**Provided material**.
◇ ◇ ◇ ◇
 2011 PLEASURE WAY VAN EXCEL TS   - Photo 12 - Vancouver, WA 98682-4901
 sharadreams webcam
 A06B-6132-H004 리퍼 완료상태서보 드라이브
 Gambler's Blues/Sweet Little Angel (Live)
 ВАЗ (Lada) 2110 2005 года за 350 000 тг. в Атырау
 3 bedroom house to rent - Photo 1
◇ ◇ ◇ ◇
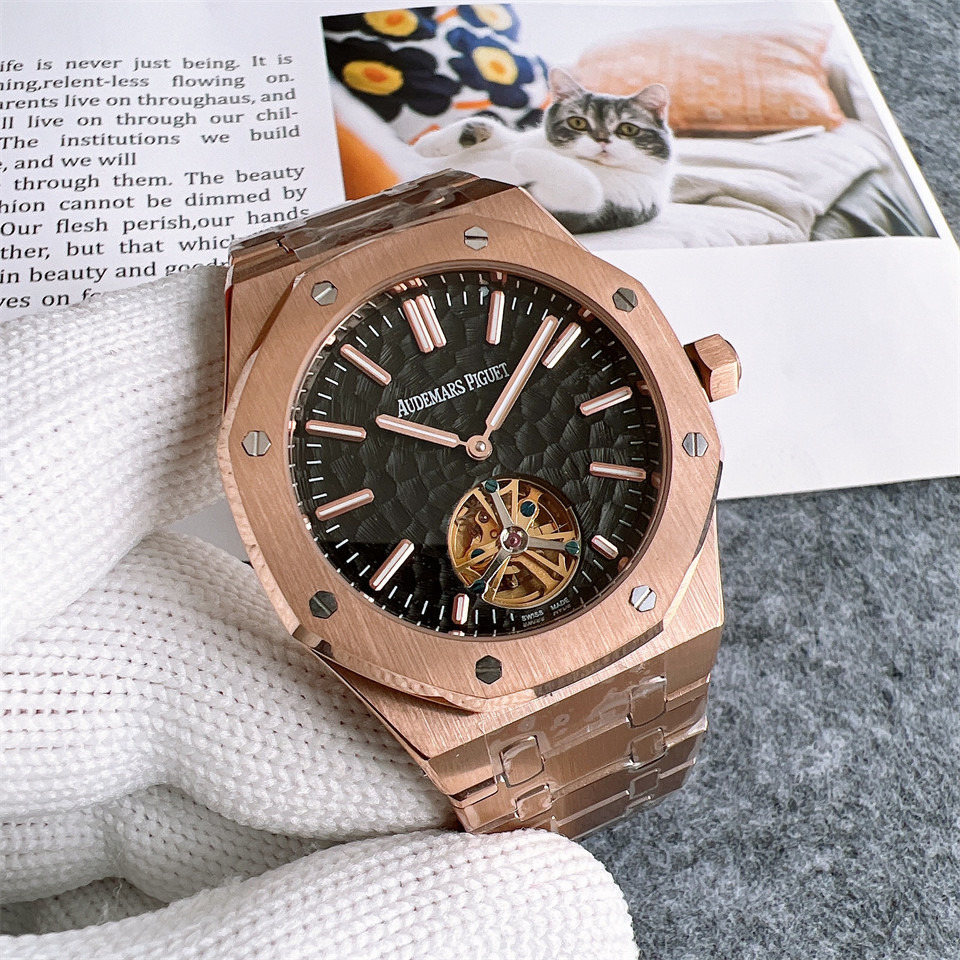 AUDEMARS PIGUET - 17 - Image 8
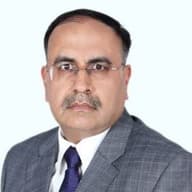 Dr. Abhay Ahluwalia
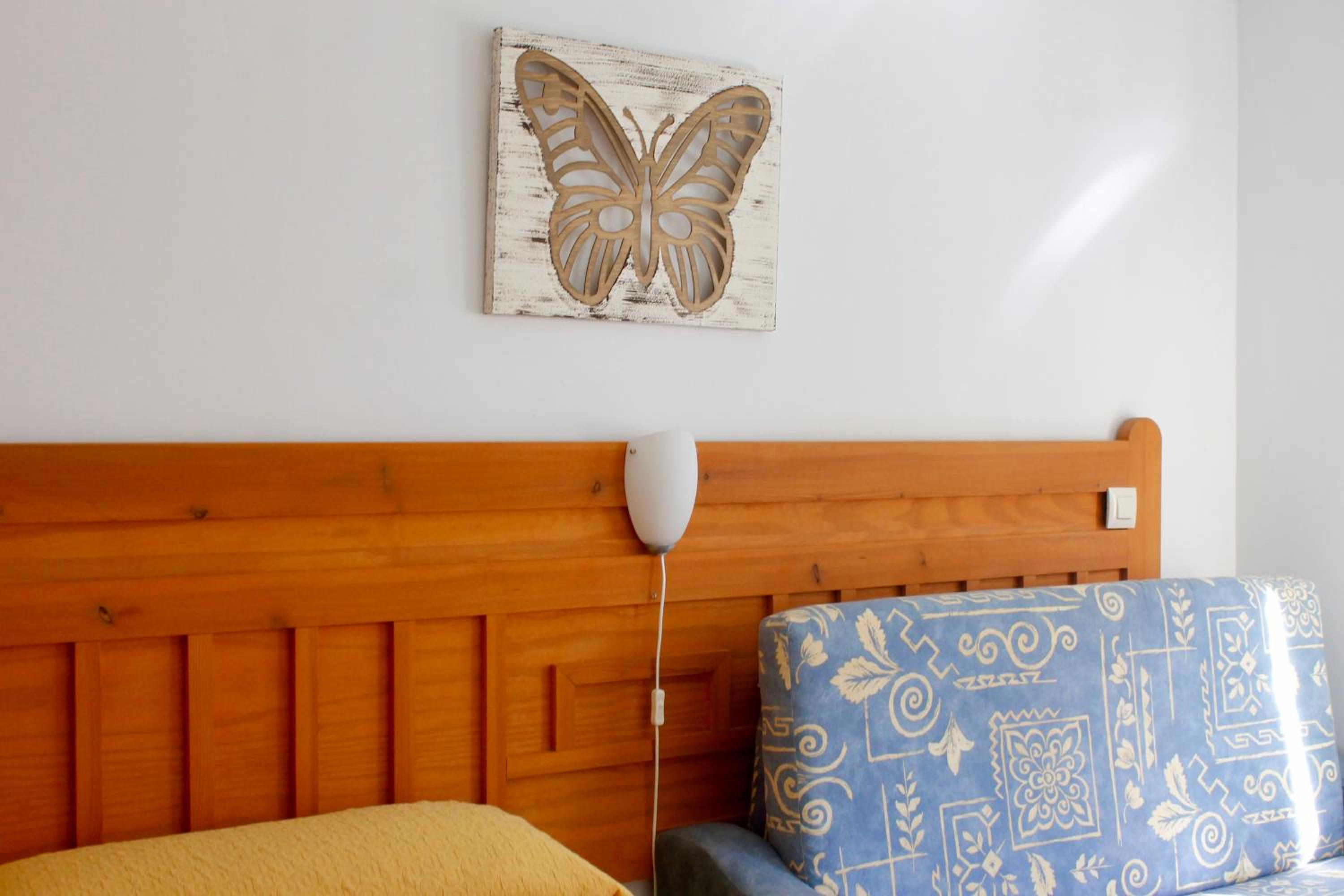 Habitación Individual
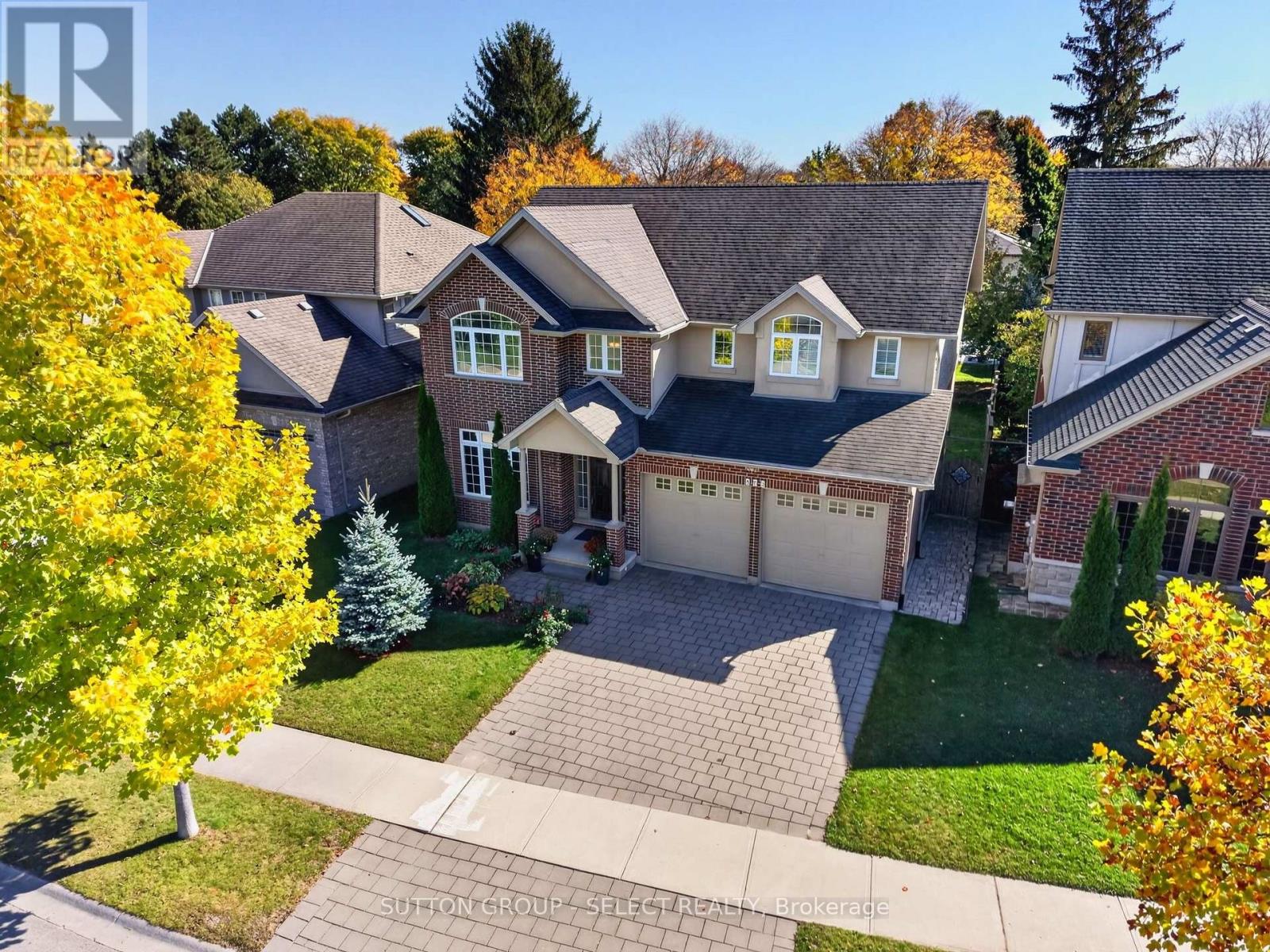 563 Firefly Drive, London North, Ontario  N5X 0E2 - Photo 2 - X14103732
◇ ◇ ◇ ◇
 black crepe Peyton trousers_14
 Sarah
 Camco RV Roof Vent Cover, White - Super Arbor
◇ ◇ ◇ ◇
**What to work on**.
When copying from the data above, begin at the line containing "Habitación Individual" and end at the line containing "563 Firefly Drive, London"; return those lines exactly and leave all pictures behind.

**Exercise result**.
 Habitación Individual
 563 Firefly Drive, London North, Ontario  N5X 0E2 - Photo 2 - X14103732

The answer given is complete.